■ Work item ■
Drop the pictures, then extract the listing word for word.

■ Given data ■
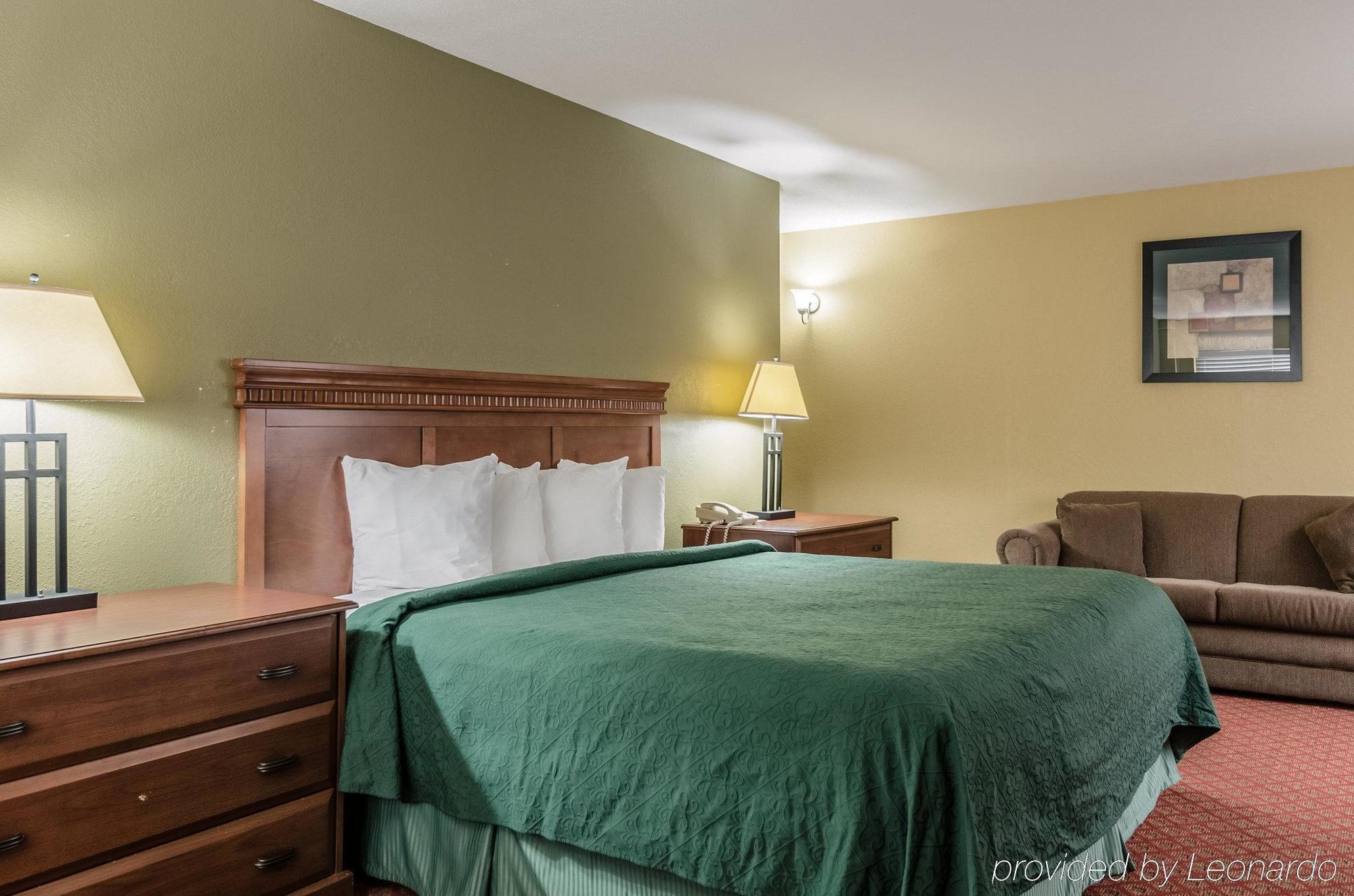 Rodeway Inn South Hutchinson Dış mekan fotoğraf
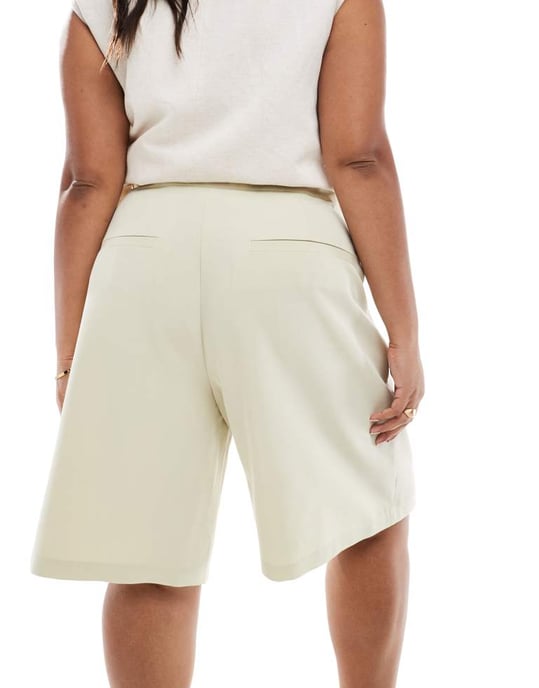ASOS DESIGN Curve skräddarsydda långlinjers utility-shorts i pistage - Image 4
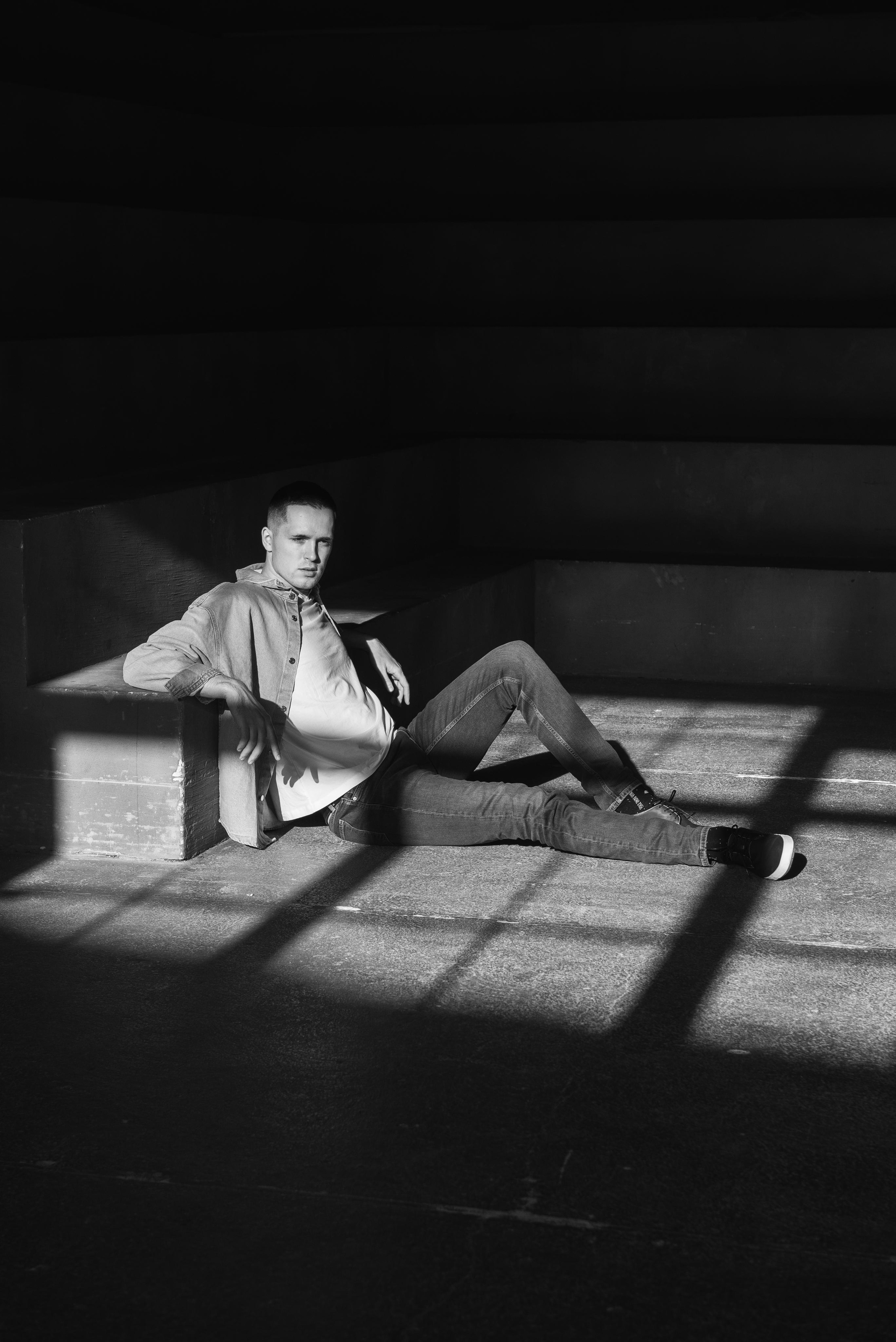 Илья, студия Лампа на Ткацкой. Бренд-фотограф для экспертов и блогеров в Москве Влада Горбовская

■ Solved problem ■
 Rodeway Inn South Hutchinson Dış mekan fotoğraf
ASOS DESIGN Curve skräddarsydda långlinjers utility-shorts i pistage - Image 4
 Илья, студия Лампа на Ткацкой. Бренд-фотограф для экспертов и блогеров в Москве Влада Горбовская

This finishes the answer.